I wanted to start playing on Tegaki, but with the jumpy issue.. Iunno.
Also, it works fine on SAI.
So like, I was wondering if there was a setting issue. :c


----------



## Smelge (Mar 13, 2010)

You got the proper drivers installed and stuff?

Only thing I can think of, is that stuff like Sai might have certain scripts or whatever that can handle tablet input without actual drivers, while Paint won't because it's pretty basic.


----------



## Satoshi (Mar 13, 2010)

I did the installation disk and everything :v It's weird how it doesn't work smoothly like it should.


----------



## Grimfang (Mar 13, 2010)

What kind of tablet do you have?

I have a Bamboo Fun and SAI, and they both work fine on Windows 7. What I'd recommend is going to the manufacturer's website, and downloading the most updated drivers. I did that, since many drivers I previously had on Vista don't function at all on Windows 7.


----------



## TheKyleIsHere (Mar 13, 2010)

do you have any other tablets installed? Have you checked Wacom's website for new drivers?


----------



## Taralack (Mar 13, 2010)

Definitely check the Wacom site for new drivers, often the disc doesn't have the latest version.


----------



## Arshes Nei (Mar 13, 2010)

If you're using Windows 7 disable the PC Tablet input. For some really retarded reason Windows 7 added that as a default. It messes up the feedback between the tablet and the wacom driver.

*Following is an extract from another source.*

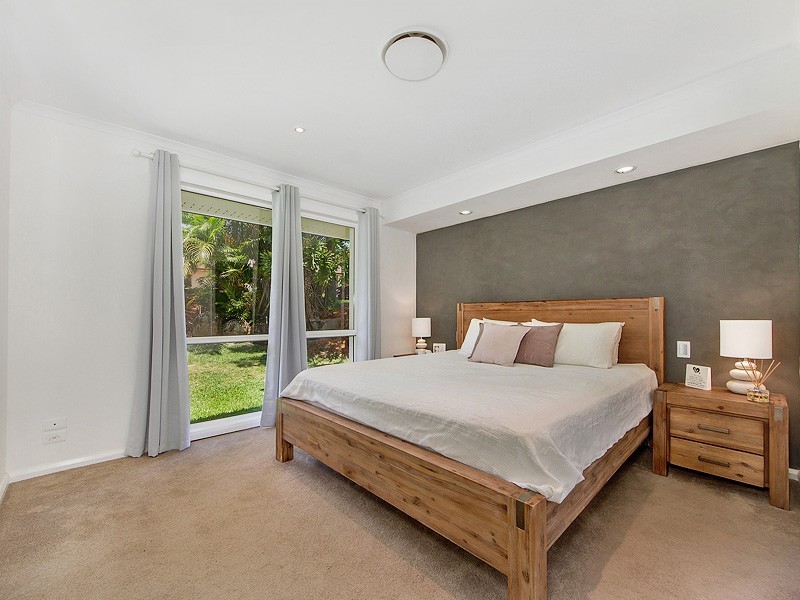 16 Springvale Street, Robina QLD 4226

http://www.conceptart.org/forums/showthread.php?t=169338

You should see it under the Control Panel for the Tablet.


----------



## Runefox (Mar 13, 2010)

I'm not too sure, but depending on how severe the jumpiness you're talking about is, it might just boil down to MS Paint being MS Paint. I know that Sai has several methods which smooth the input from the mouse/tablet, whereas MS Paint has absolutely nothing of the sort and wasn't for tablet support in the least.


----------



## Zydala (Mar 14, 2010)

Yeah I'm sort of wondering what you mean by "jumpy" too. Got any examples?


----------



## krisCrash (Mar 14, 2010)

Arshes Nei said:


> If you're using Windows 7 disable the PC Tablet input. For some really retarded reason Windows 7 added that as a default. It messes up the feedback between the tablet and the wacom driver.
> 
> http://www.conceptart.org/forums/showthread.php?t=169338
> 
> You should see it under the Control Panel for the Tablet.


It's impossible to disable it 100% for all applications if you have only Win7 Home Premium, sadly, due to the lack of Group Policy admin tools.
Photoshop etc. disables everything but some art programs are not able to trounce it entirely, such as 3D studio max :/ the problem here is the Flicks though


----------



## Satoshi (Mar 14, 2010)

EDIT:

It's working now! 

Thanks!


----------